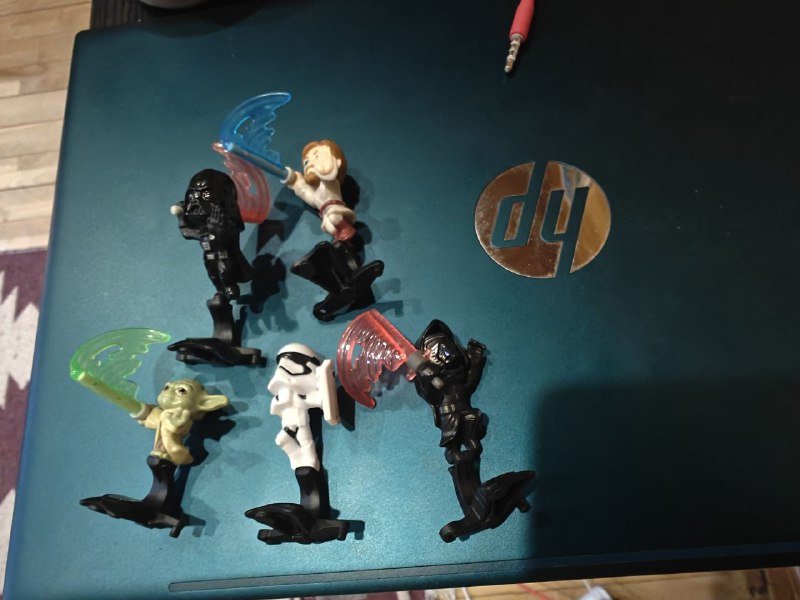 Фигурки Киндер Star Wars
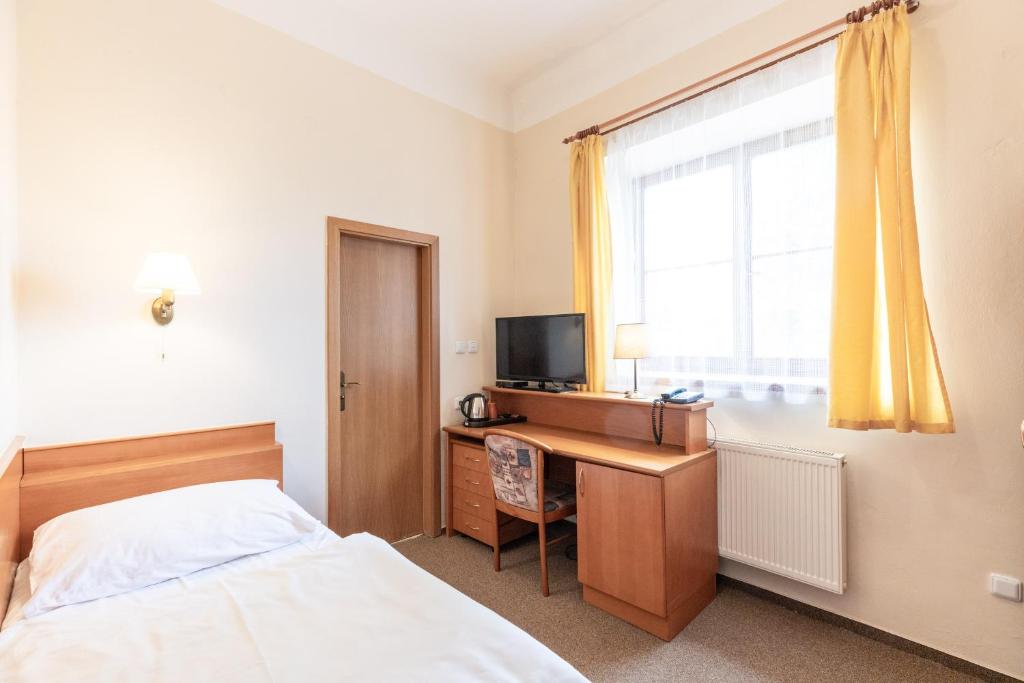 
Single Room with Private Bathroom - Annex
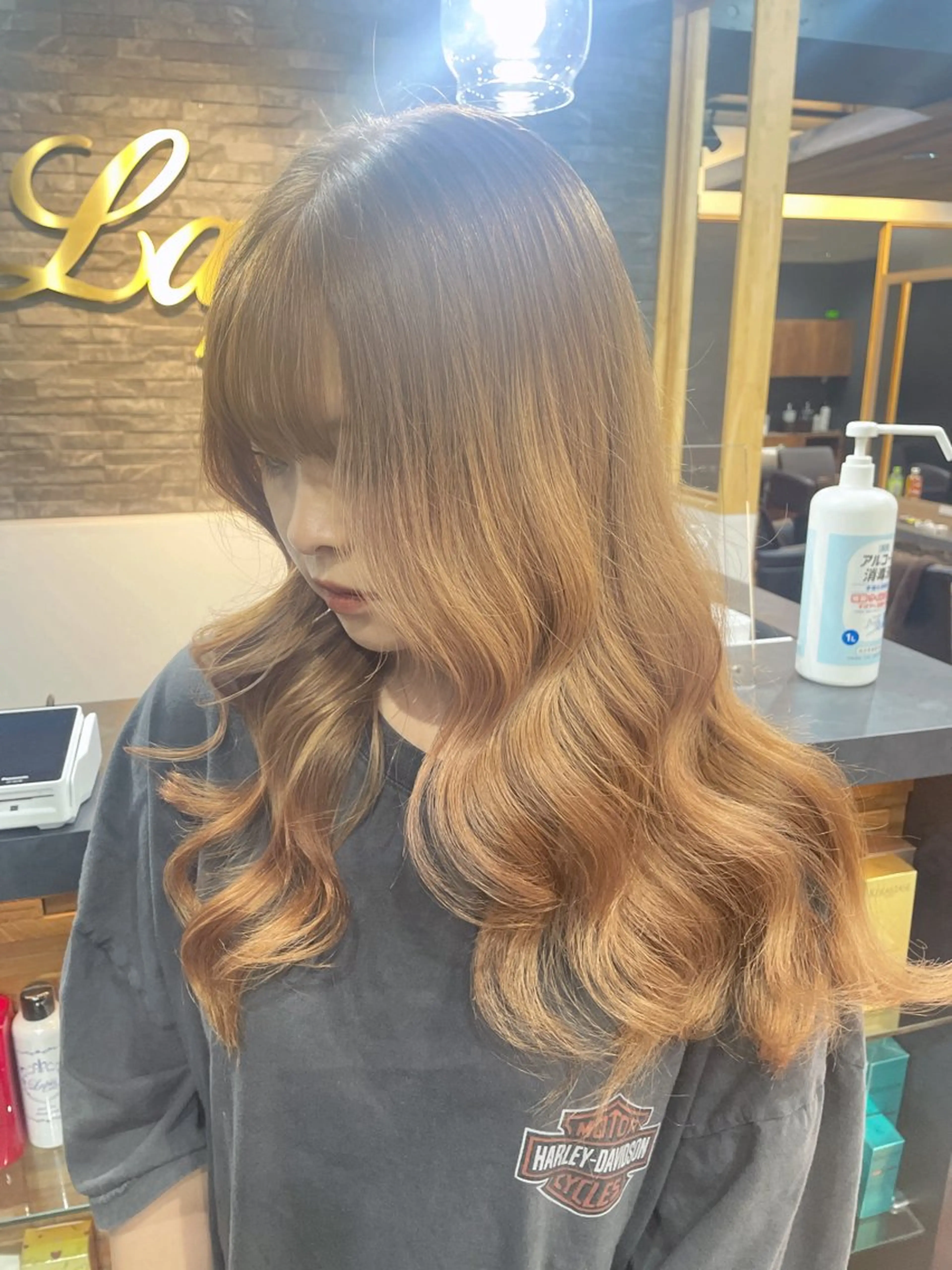 ロング カラー lapis  Rie シールエクハイトーンのヘアスタイル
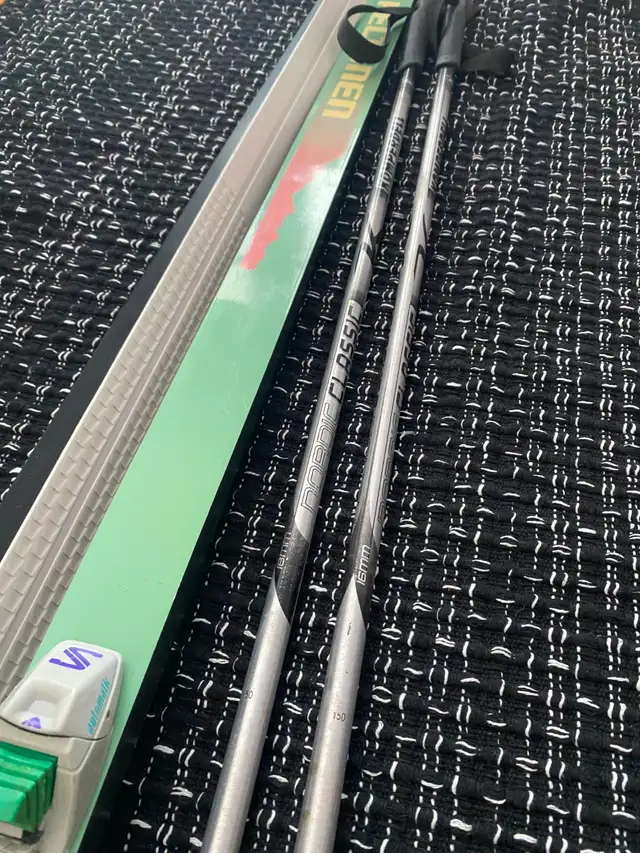 210cm Classic XC Waxless Skies with Mens 9.5 Boots & 150cm Poles - Photo 3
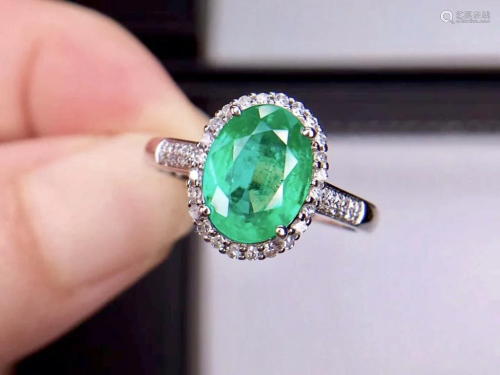 A Emerald Ring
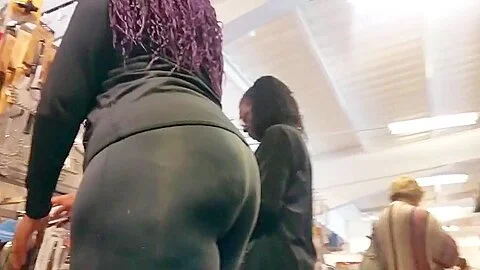 Tall Thick Amazon Ebony Second Capture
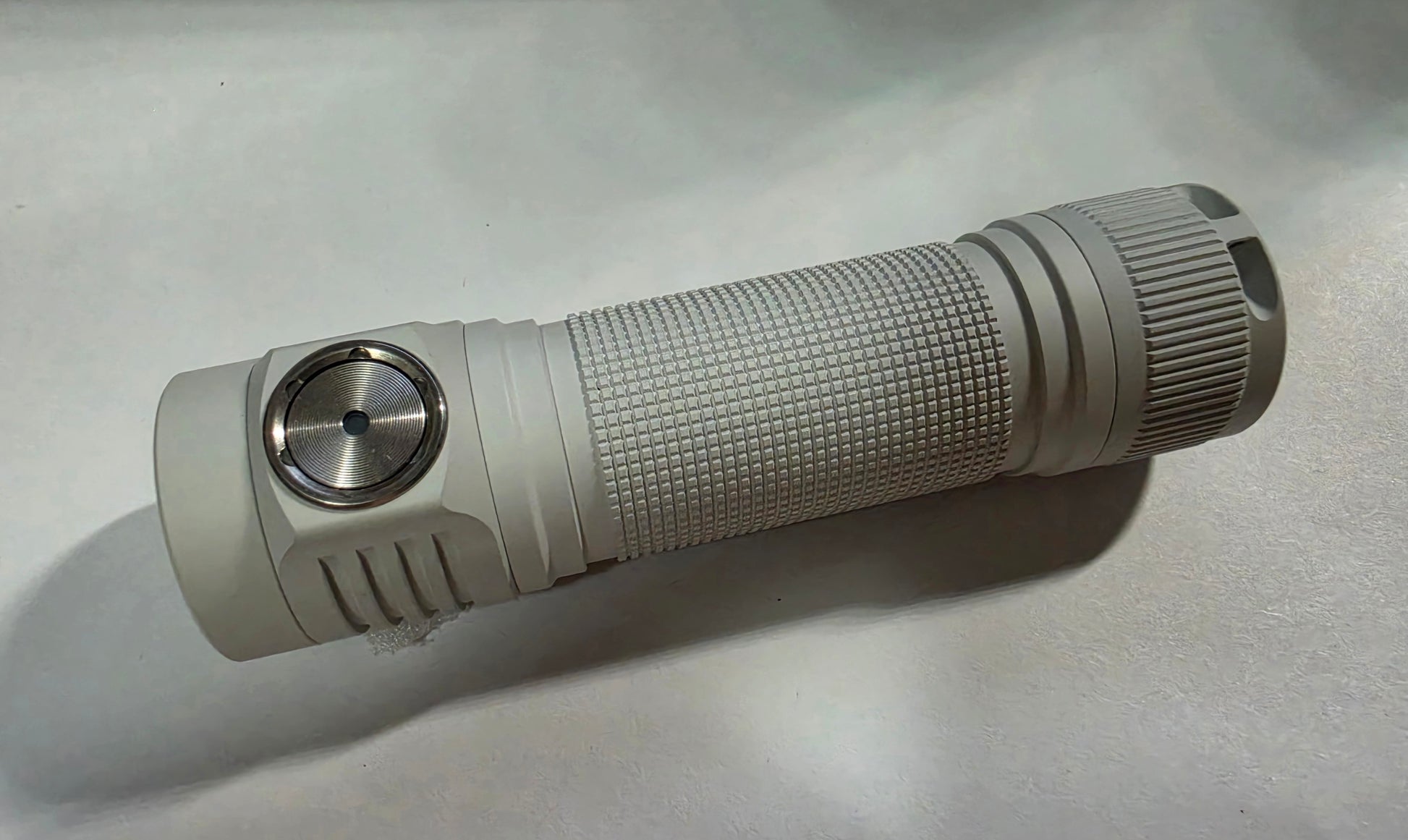 Emisar D4K 5050SMD 2-Channel High Power Led Flashlight STONEWHITE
+ + + + +
PROBLEM REQUIREMENTS: Your answer must be exactly the lines from the one with "ロング カラー lapis" through the last line of the entries, both included, with no pictures; please add nothing else.

RESULT FOR THIS TASK:
 ロング カラー lapis  Rie シールエクハイトーンのヘアスタイル
 210cm Classic XC Waxless Skies with Mens 9.5 Boots & 150cm Poles - Photo 3
 A Emerald Ring
 Tall Thick Amazon Ebony Second Capture
 Emisar D4K 5050SMD 2-Channel High Power Led Flashlight STONEWHITE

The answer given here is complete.